Ma quale era la struttura sociale dei moa? Uno studio recente sul Dna recuperato dai pori del guscio delle uova fossili ha dimostrato che l’incubazione era svolta esclusivamente dal maschio e che questo aveva dimensioni più piccole rispetto a quelle della femmina. Ciò farebbe pensare a un modello riproduttivo di tipo poliandrico, in cui la femmina difende il territorio, si accoppia con più maschi e lascia a ciascuno di loro il compito di covare le uova che contengono la propria discendenza. Non sappiamo quante uova erano deposte da ogni femmina e quante venivano covate da ciascun maschio. Inoltre, non sappiamo se i moa avessero cure parentali postnatali, cioè se i piccoli venivano protetti e accompagnati a mangiare dal maschio o dalla femmina.

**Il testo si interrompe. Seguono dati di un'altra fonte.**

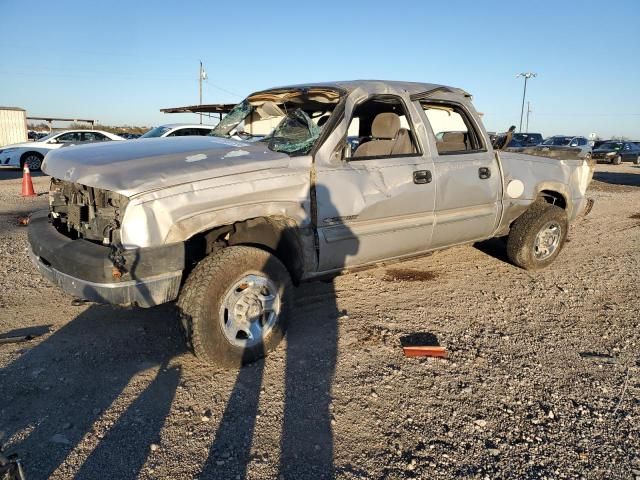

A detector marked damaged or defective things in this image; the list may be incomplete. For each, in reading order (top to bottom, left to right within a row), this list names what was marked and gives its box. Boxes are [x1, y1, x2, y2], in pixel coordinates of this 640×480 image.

shattered windshield [209, 88, 340, 156]
damaged pickup truck [27, 81, 592, 368]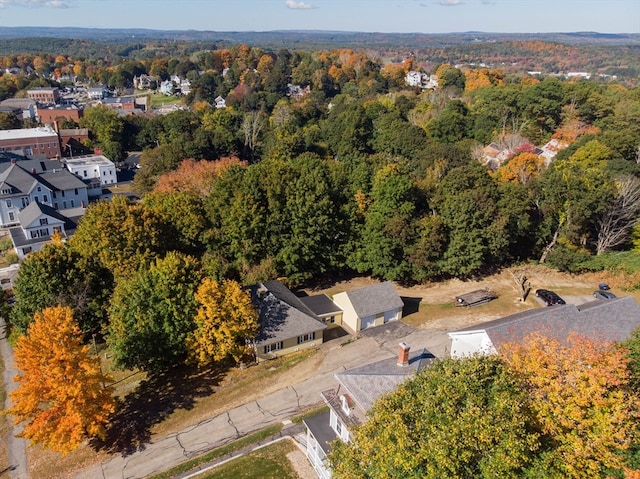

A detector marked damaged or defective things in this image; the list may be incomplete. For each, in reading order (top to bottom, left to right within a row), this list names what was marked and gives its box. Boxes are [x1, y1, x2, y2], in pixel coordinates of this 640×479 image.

cracked pavement [76, 324, 450, 478]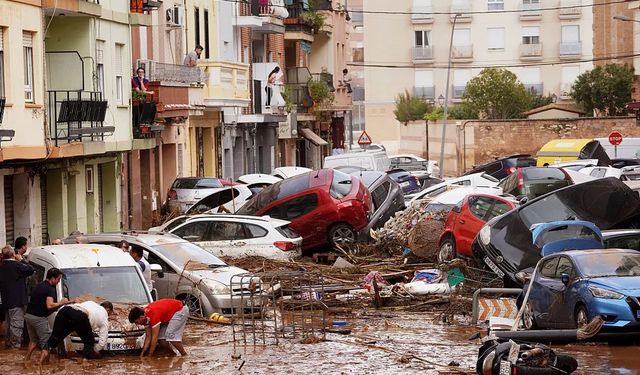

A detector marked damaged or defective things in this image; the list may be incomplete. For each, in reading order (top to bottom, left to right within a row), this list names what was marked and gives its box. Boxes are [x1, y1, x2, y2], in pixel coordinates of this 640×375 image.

damaged car [472, 178, 640, 284]
overturned car [472, 178, 640, 284]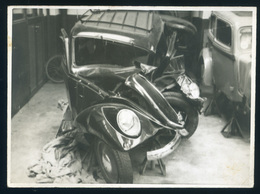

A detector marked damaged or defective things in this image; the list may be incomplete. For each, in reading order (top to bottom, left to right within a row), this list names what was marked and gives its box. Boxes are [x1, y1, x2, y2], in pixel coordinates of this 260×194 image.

black wrecked car [59, 9, 203, 183]
crumpled hood [124, 73, 183, 129]
bent bumper bar [146, 132, 181, 161]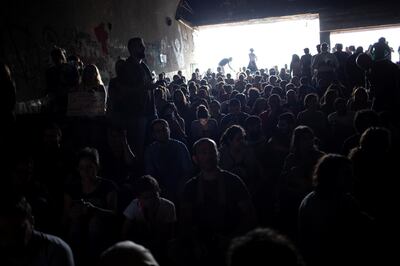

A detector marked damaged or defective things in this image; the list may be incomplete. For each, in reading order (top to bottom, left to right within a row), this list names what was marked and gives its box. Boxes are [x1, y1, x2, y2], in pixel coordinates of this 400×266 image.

damaged wall [0, 0, 194, 100]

Un altro fenomeno assai strano è che il guscio delle uova dei moa era estremamente sottile, soprattutto nelle specie di grandi dimensioni. Paradossalmente, gli uccelli più grandi che siano mai esistiti sulla Terra producevano uova con il guscio più sottile rispetto a quello di tutte le 3450 specie di uccelli attualmente viventi.